You may be invited to attend social functions organized by your employer. These provide a casual atmosphere for enhancing your relationships with colleagues. You can be less formal on these occasions than in the workplace, as long as you remain professional.
"Show respect for all employees regardless of their rank." Mary C. Kutarna, Manager, Human Resources, Toronto Public Library.
Ethics - or "Do the Right Thing"
When struggling to make ethical decisions, ask yourself which choice would allow you to act with honesty, fairness and respect. Here are some situations you might encounter on the job, and suggestions on handling them ethically:
Some employers, especially those in health and social services, require you to sign an oath of confidentiality in order to protect the rights of their clients. Even if your employer does not require a signed declaration, however, it is a good practice not to discuss your organization’s business, clients and competitors, outside the workplace.
Honour Your Commitments
- Not only is it ethical to honour your commitment to your employer to begin and end your work term on specific dates, but most co-op programs also have an official policy requiring you to do so.

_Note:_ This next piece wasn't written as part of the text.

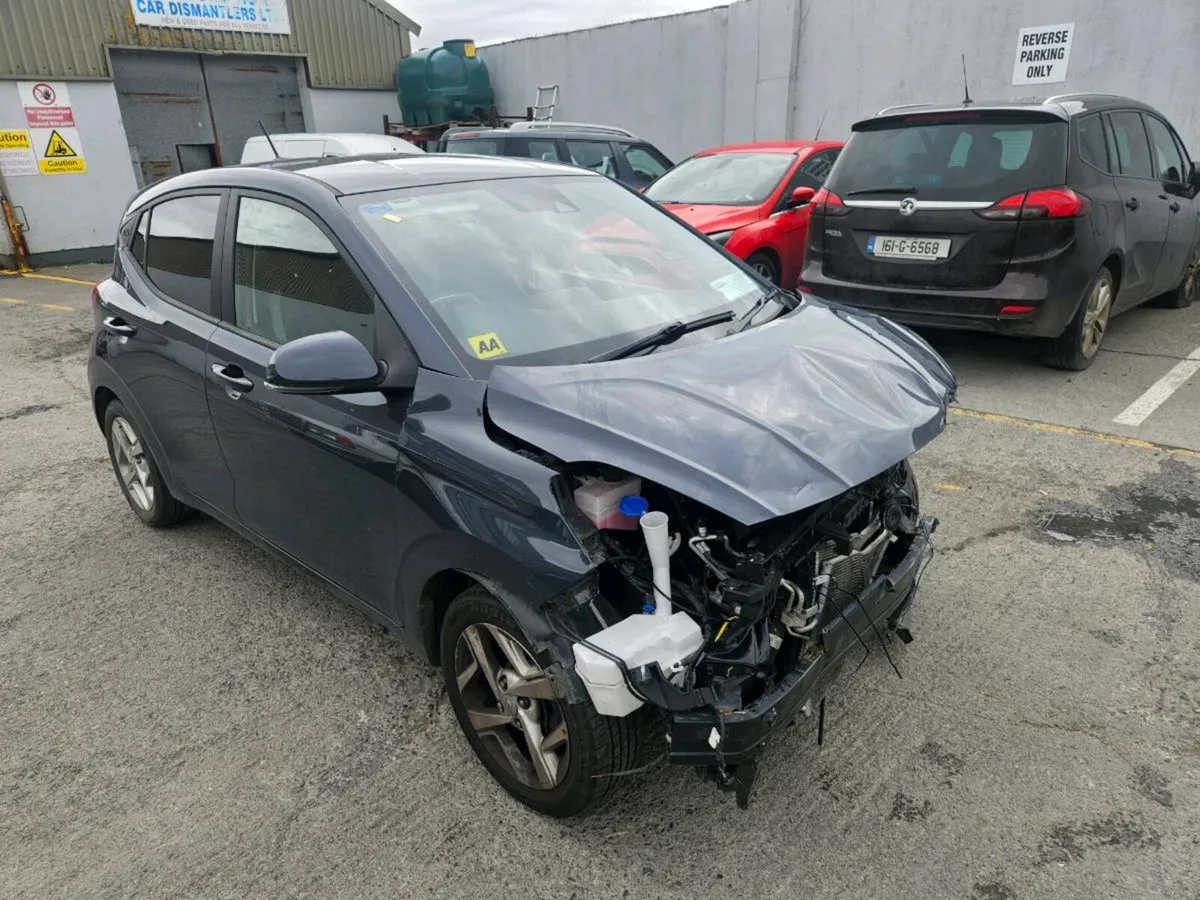 2023 hyundai i10 damaged repairable - Image 1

- Keep any promises you make to customers, and if you run into difficulties consult your supervisor to determine whether alternative services can be provided to satisfy the customer.

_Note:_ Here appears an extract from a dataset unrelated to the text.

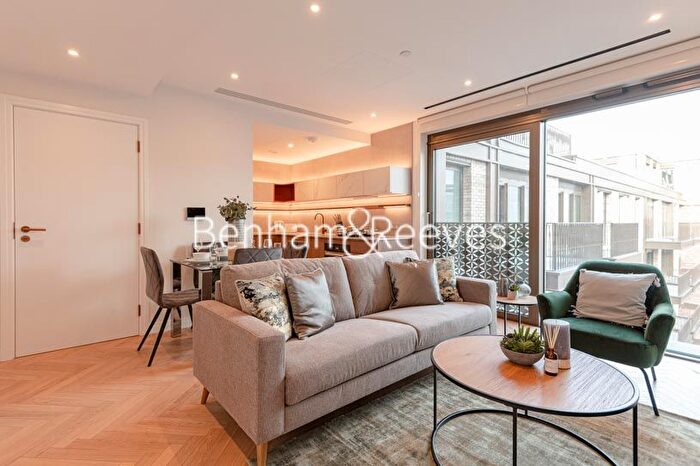 1 Bedroom Flat To Rent In Hampton House, Kings Park Road, SW6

Take the Moral High Ground
- Even if your colleagues engage in unethical or offensive practises, it is wrong for you to be involved. Furthermore, you may be judged more harshly than a permanent employee.
- Avoid making offensive jokes or using offensive language.
- Avoid getting involved in gossip and office politics.
- Remain honest.
Stick to Business
- If you are allowed to make personal calls, use this privilege sparingly. Be sure to repay the company for any long distance calls you make.
- Use the company’s letterhead for approved business only.
- Don’t take office supplies home for your own use.
- Don’t send personal information (especially off-colour jokes) via the company’s e-mail or Internet.
Declare Conflicts of Interest
If you are in a position to bring profit to a friend or relative through your work, declare a conflict of interest and refrain from participating.
Communicating effectively is key to maintaining positive relationships and providing high-quality customer service.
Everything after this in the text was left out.